ACTIVITY → Print every record exactly, omitting all pictures.

SUPPLIED ENTRIES →
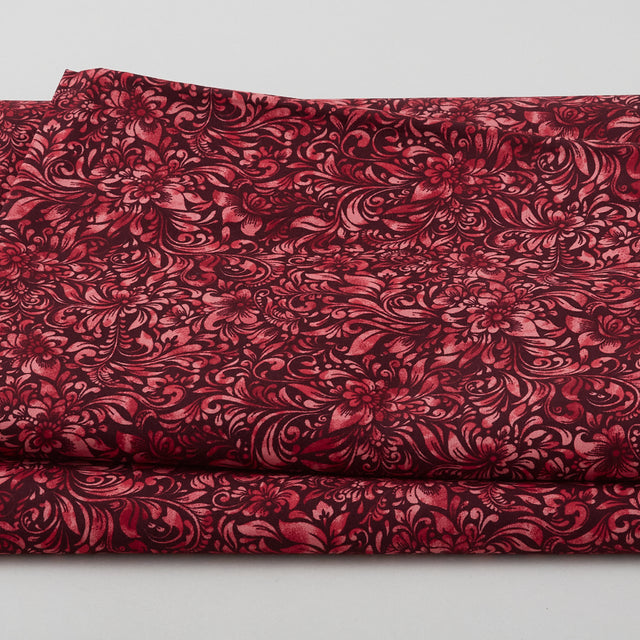 Allure - Watercolor Textured Floral Red 118" Wide 3 Yard Cut Primary Image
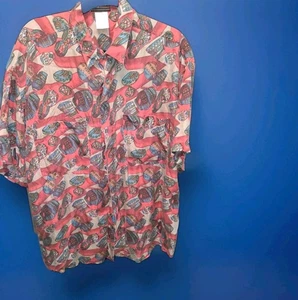 Impact 100% Silk Button Down Shirt Mens Large - Picture 1 of 3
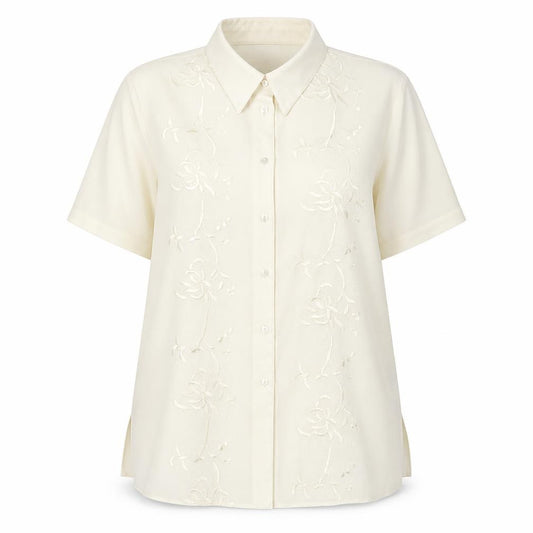 Front view of FOSBY women’s ivory polyester basic button-up, size UK 14, collared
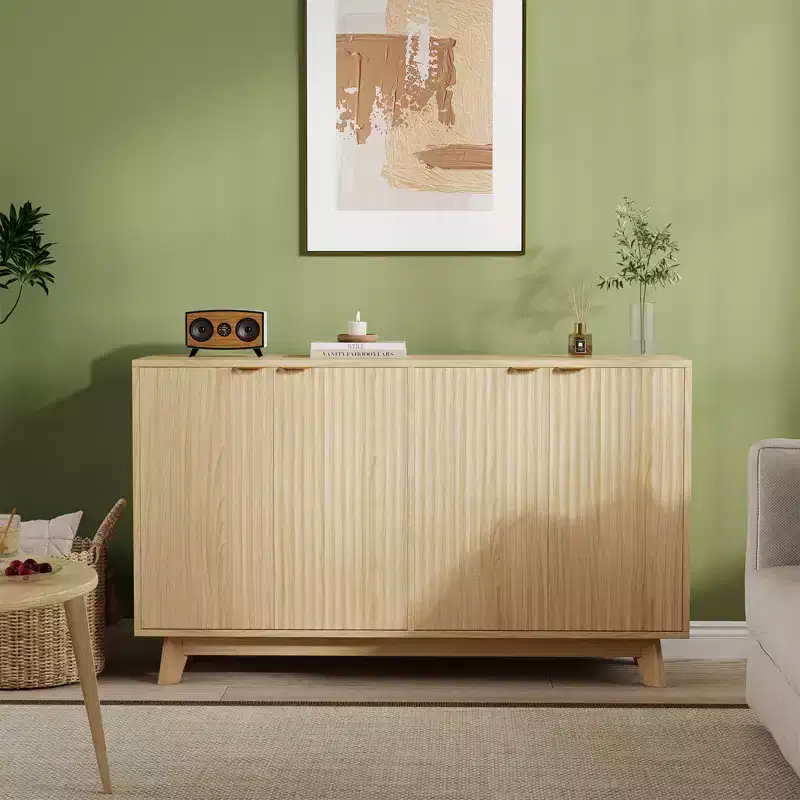COZONY Modern Fluted Accent Credenza with Doors & Adjustable Shelves, 55.1 Wood Buffet Cabinet for Living Room, Dining Room, Entryway Storage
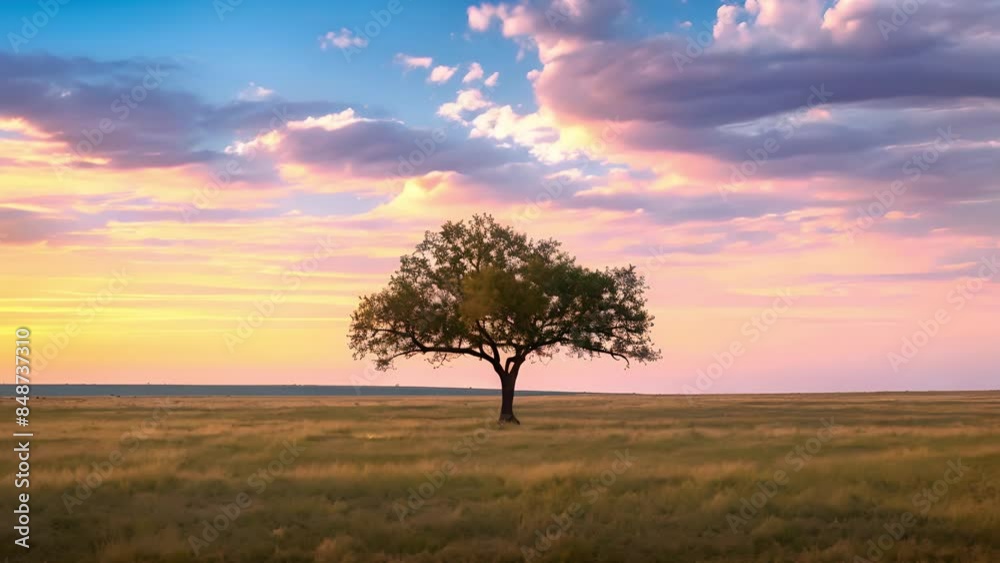 A solitary tree stands in a vast field, bathed in the warm glow of sunset A solitary tree stands in a vast field, bathed in the warm glow of sunset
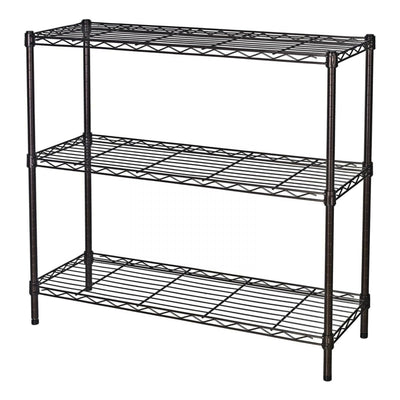 Standing Shelving Units, 36" W x 14" D x 32" H Metal Storage Shelves, Adjustable Carbon Steel Wire Shelving Rack Display Shelf for Garage Bathroom Kitchen Home Office (3-Tiers, Black)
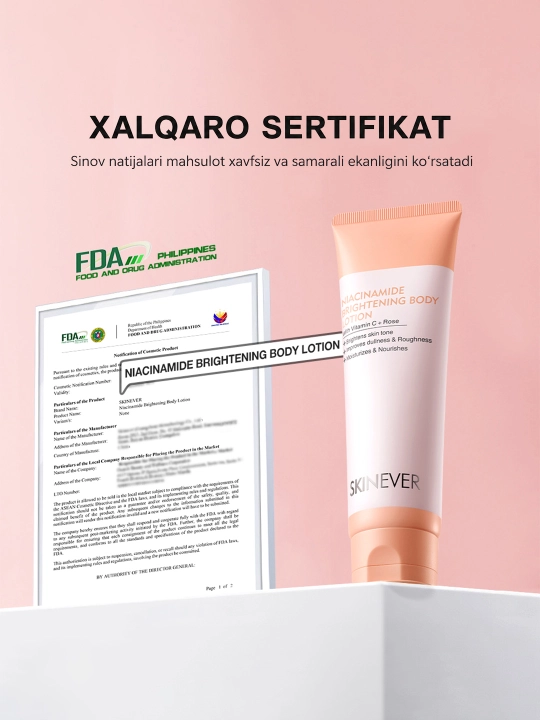 Oqartiruvchi tana losyoni SKINEVER, niasinamid, vitamin C va PDRN, 150 ml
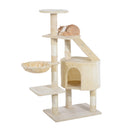 Albero Tiragraffi con Piattaforme Beige 55x40x125 cm 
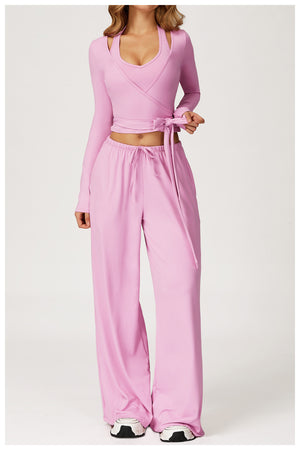 Completo Sportivo Donna – Top, Blusa Wrap e Pantaloni Palazzo in Tessuto Elasticizzato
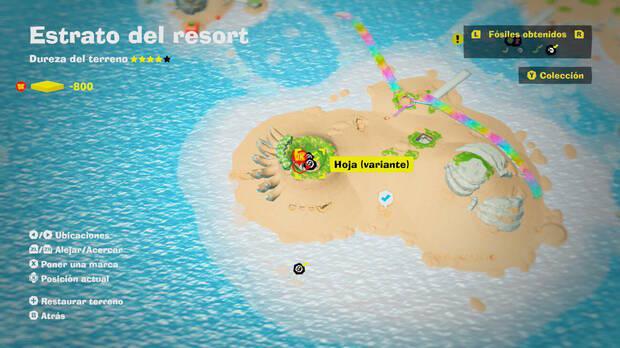 Donkey Kong Bananza - Localización en el mapa del fósil Hoja (variante) 02 y 03 en Estrato del resort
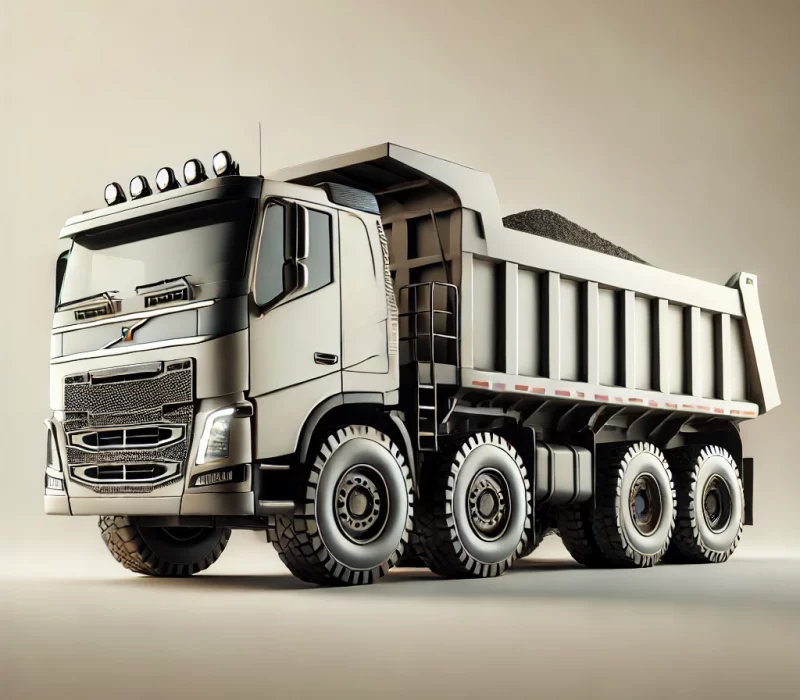 DALL·E 2025-03-05 13.31.20 - A high-quality image of a dump truck with a large open-box bed, designed for transporting heavy materials like soil, sand, and gravel. The dump truck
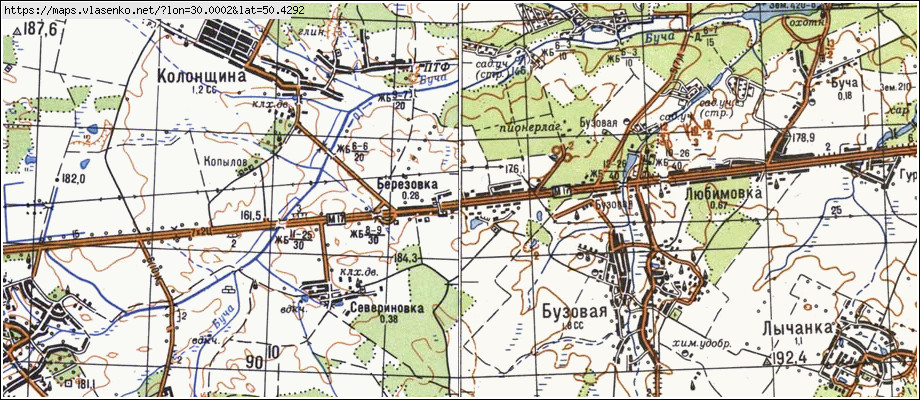 Карта БЕРЕЗІВКА, Київська область, Макарівський район
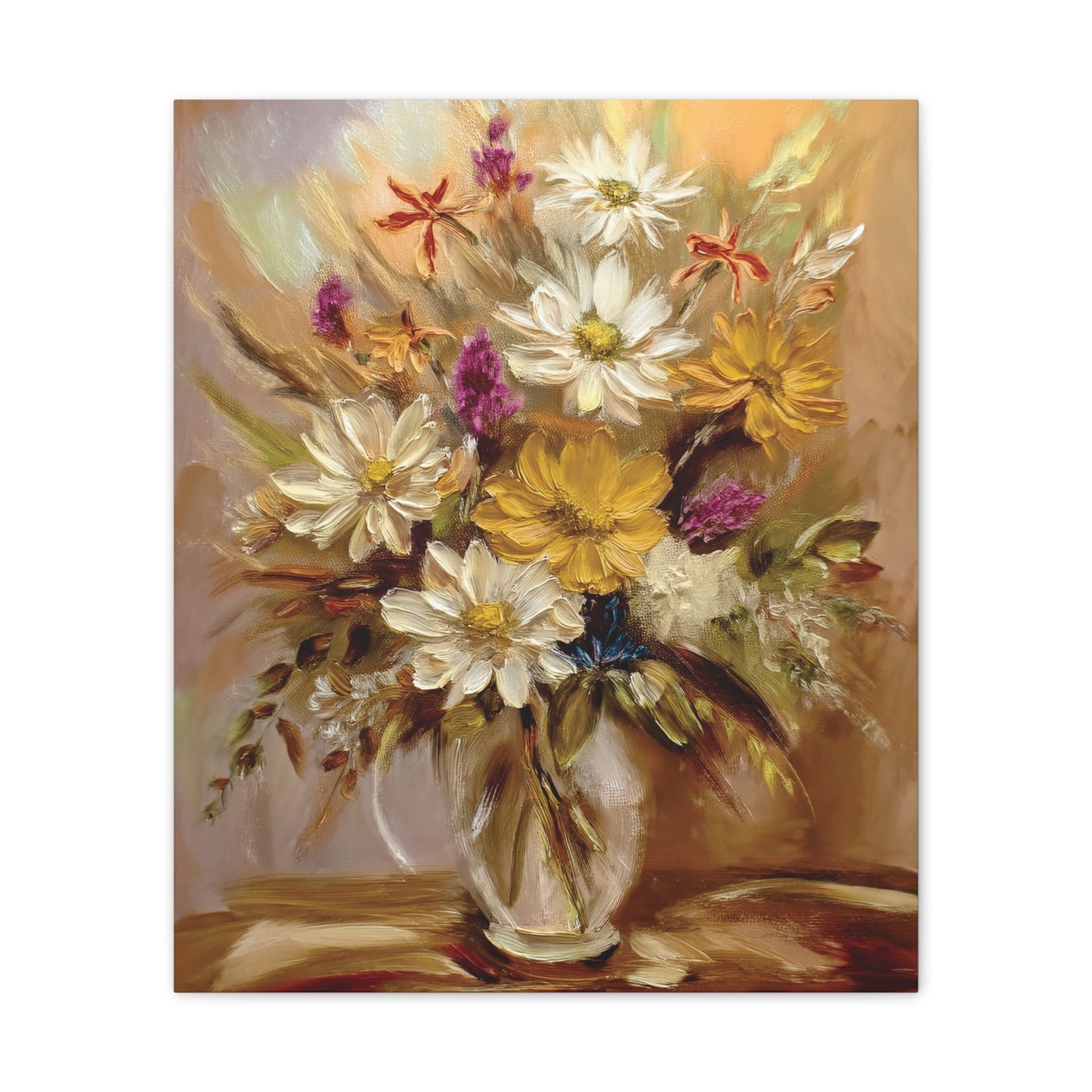 Floral Canvas Art Print, Vibrant Flower Decor, Wall Art for Home, Gift for Garden Lovers, Spring Decoration, Nature-Inspired Artwork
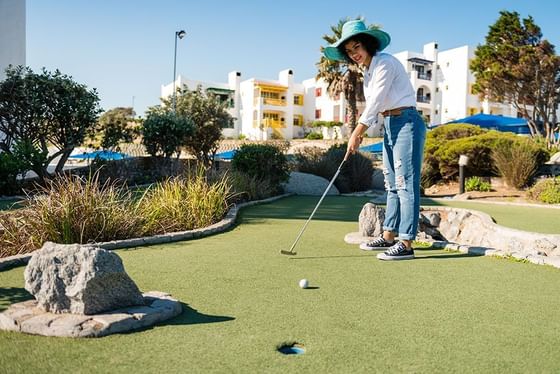 Mini Golf area in Club Mykonos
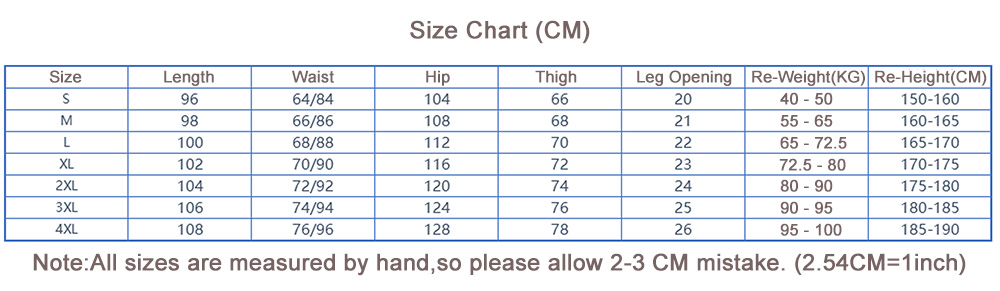 TX-C007 sweatpant size chart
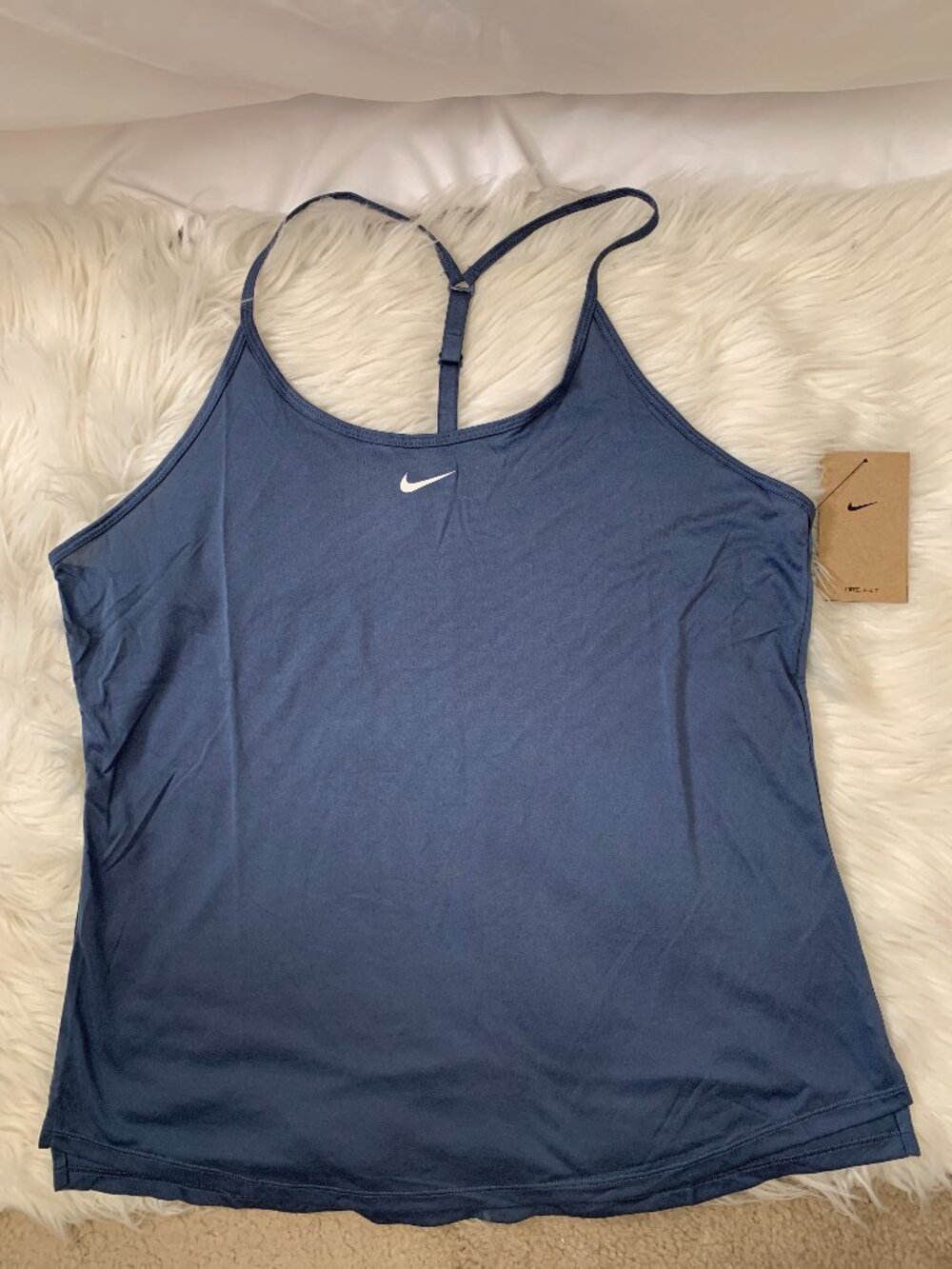 NIKE ONE Dri-Fit Training Elastika Tank Top in Dusty Blue Sz LARGE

COMPLETED TASK →
 Allure - Watercolor Textured Floral Red 118" Wide 3 Yard Cut Primary Image
 Impact 100% Silk Button Down Shirt Mens Large - Picture 1 of 3
 Front view of FOSBY women’s ivory polyester basic button-up, size UK 14, collared
COZONY Modern Fluted Accent Credenza with Doors & Adjustable Shelves, 55.1 Wood Buffet Cabinet for Living Room, Dining Room, Entryway Storage
 A solitary tree stands in a vast field, bathed in the warm glow of sunset A solitary tree stands in a vast field, bathed in the warm glow of sunset
 Standing Shelving Units, 36" W x 14" D x 32" H Metal Storage Shelves, Adjustable Carbon Steel Wire Shelving Rack Display Shelf for Garage Bathroom Kitchen Home Office (3-Tiers, Black)
 Oqartiruvchi tana losyoni SKINEVER, niasinamid, vitamin C va PDRN, 150 ml
 Albero Tiragraffi con Piattaforme Beige 55x40x125 cm 
 Completo Sportivo Donna – Top, Blusa Wrap e Pantaloni Palazzo in Tessuto Elasticizzato
 Donkey Kong Bananza - Localización en el mapa del fósil Hoja (variante) 02 y 03 en Estrato del resort
 DALL·E 2025-03-05 13.31.20 - A high-quality image of a dump truck with a large open-box bed, designed for transporting heavy materials like soil, sand, and gravel. The dump truck
 Карта БЕРЕЗІВКА, Київська область, Макарівський район
 Floral Canvas Art Print, Vibrant Flower Decor, Wall Art for Home, Gift for Garden Lovers, Spring Decoration, Nature-Inspired Artwork
 Mini Golf area in Club Mykonos
 TX-C007 sweatpant size chart
 NIKE ONE Dri-Fit Training Elastika Tank Top in Dusty Blue Sz LARGE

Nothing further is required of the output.